Метели сменялись безветренными и солнечными днями, а сильные холода с тщетностью пытались загнать по домам жителей города. Привыкшие к подобным вывертам погоды, ленчане только кряхтели, прячась под капюшонами оленьих шуб и поскрипывая торбосами по жесткому снежному покрову. Густой морозный туман поднимался над крышами и стоял по несколько дней, сжимая раскинувшийся вдоль закованной в ледяной панцирь реки Ленск в своих тисках.
Мы подлетали к аэропорту Ленска в середине дня, когда туманная изморозь стала слегка рассеиваться. То и дело самолет нырял в облака, пробивал их своей тушей и, наконец, стал закладывать вираж, чтобы выйти на посадочную глиссаду. Улыбчивая якутянка, которую звали Верой, попросила нас занять места в креслах и надеть ремни безопасности. Я давно обратил внимание, насколько безмятежность Ломакина контрастировала с его нервными движениями пальцев, как будто чародей пытался легкими движениями рисовать контуры магического конструкта. Неужели чего-то опасался?
Наконец, шасси коснулись бетонки, самолет слегка подпрыгнул на ее стыках, шустро пробежал, гася скорость — и остановился.

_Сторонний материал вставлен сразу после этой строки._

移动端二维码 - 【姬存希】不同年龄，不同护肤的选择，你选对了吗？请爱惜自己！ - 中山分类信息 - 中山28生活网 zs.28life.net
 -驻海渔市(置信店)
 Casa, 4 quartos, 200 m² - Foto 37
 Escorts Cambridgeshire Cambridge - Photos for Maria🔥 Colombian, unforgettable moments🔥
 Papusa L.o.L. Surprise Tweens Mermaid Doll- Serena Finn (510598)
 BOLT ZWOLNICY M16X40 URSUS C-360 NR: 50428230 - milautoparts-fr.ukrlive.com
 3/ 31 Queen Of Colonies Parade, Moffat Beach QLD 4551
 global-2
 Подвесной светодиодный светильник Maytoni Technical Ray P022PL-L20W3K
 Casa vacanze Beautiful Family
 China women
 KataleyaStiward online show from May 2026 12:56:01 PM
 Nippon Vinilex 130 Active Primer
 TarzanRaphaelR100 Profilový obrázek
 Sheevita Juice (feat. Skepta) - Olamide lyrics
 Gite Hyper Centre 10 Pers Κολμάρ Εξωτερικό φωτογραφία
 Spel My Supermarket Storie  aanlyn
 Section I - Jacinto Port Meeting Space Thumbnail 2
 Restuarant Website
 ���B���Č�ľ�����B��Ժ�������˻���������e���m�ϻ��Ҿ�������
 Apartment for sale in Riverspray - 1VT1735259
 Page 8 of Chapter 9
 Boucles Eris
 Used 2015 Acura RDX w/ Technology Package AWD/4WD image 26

— Ну вот, прибыли, — сказал Архипов и с хрустом потянулся. Он до этого прикорнул на диванчике, а теперь деловито накинул дубленку, застегнулся на все пуговицы. — Княжич, в гардеробе висит теплая одежда, наденьте ее.
— А что с этим делать? — на всякий случай поинтересовался я, показав на куртку, в который вылетал из Москвы.
— Ее заберут, не переживайте. Парни потом завезут к Аксинье Федоровне, — успокоил меня Василий.
Удивительно, что верхняя одежда, предназначенная для меня, была по-современному красивой и удобной. Но сначала пришлось натянуть на себя термо-подштанники, как я в шутку обозвал тонкие трико, потом термо-футболку, а уж после этого флисовую рубашку, штаны с теплой подкладкой. Искренне не понимал, зачем превращать себя в капусту. Не пешком же до особняка матери пойдем. Явно повезут в теплой машине. Вон, в иллюминатор вижу, как к трапу подъехали три солидных по размеру внедорожника и черный представительский автомобиль. Отец прислал или даже сам приехал. Ну и зачем мне эти свитер, унты, куртка, шапка?
Увидев мое недовольное лицо, Архипов рассмеялся.
— Терпи, княжич. Здесь не московские морозные щипки. Сейчас выйдешь на пару минут наружу — сразу поймешь.
— Отец приехал? — я кивнул в сторону иллюминаторов.